Exercise objective:
Extract from the entries below, exactly as given, only the lines from the line containing "Люксембург 10 франков" to the line containing "Pile Of Documents", both lines included.

Collection entries:
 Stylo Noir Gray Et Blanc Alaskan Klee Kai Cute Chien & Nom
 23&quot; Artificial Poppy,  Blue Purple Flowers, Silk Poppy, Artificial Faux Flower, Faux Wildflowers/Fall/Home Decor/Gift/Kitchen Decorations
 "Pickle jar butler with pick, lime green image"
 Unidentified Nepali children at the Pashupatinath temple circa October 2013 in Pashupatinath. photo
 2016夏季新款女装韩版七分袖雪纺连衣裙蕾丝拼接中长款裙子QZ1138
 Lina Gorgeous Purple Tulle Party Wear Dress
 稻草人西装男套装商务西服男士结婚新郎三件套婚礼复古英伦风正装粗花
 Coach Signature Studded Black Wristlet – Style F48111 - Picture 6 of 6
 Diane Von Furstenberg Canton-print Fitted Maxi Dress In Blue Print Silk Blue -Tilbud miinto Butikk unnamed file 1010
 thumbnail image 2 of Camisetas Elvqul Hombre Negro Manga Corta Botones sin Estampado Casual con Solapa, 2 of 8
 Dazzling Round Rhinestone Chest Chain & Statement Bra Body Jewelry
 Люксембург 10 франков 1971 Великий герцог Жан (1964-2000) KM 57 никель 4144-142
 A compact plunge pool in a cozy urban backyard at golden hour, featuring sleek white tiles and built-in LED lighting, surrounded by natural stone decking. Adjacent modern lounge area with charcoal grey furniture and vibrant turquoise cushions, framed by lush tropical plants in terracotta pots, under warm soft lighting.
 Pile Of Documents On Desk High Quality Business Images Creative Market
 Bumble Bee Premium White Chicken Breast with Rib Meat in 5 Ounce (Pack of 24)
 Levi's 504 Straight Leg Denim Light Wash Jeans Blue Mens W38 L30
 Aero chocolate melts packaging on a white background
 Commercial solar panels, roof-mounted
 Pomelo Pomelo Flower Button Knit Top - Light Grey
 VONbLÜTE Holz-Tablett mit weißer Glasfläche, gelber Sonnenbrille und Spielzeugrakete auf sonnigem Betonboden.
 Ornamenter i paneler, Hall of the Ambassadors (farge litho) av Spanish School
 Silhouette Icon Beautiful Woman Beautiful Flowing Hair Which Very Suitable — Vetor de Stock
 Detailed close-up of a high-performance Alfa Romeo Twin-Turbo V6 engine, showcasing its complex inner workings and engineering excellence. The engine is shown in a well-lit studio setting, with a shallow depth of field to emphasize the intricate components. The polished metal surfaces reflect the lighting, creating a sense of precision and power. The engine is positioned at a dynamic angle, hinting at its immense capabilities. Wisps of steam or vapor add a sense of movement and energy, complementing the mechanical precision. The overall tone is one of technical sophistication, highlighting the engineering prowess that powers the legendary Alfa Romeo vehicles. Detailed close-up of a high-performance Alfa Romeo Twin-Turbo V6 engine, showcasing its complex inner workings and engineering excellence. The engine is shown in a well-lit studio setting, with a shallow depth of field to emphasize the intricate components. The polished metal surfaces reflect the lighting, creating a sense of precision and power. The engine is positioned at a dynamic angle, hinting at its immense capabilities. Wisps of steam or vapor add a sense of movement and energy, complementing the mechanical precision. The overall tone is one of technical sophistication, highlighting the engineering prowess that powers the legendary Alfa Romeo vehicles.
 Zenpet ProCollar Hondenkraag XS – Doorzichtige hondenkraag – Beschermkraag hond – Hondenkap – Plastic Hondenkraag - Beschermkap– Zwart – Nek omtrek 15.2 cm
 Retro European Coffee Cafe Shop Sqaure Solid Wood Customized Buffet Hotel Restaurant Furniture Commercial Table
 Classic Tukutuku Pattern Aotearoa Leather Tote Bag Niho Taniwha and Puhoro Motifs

Reply to the task:
 Люксембург 10 франков 1971 Великий герцог Жан (1964-2000) KM 57 никель 4144-142
 A compact plunge pool in a cozy urban backyard at golden hour, featuring sleek white tiles and built-in LED lighting, surrounded by natural stone decking. Adjacent modern lounge area with charcoal grey furniture and vibrant turquoise cushions, framed by lush tropical plants in terracotta pots, under warm soft lighting.
 Pile Of Documents On Desk High Quality Business Images Creative Market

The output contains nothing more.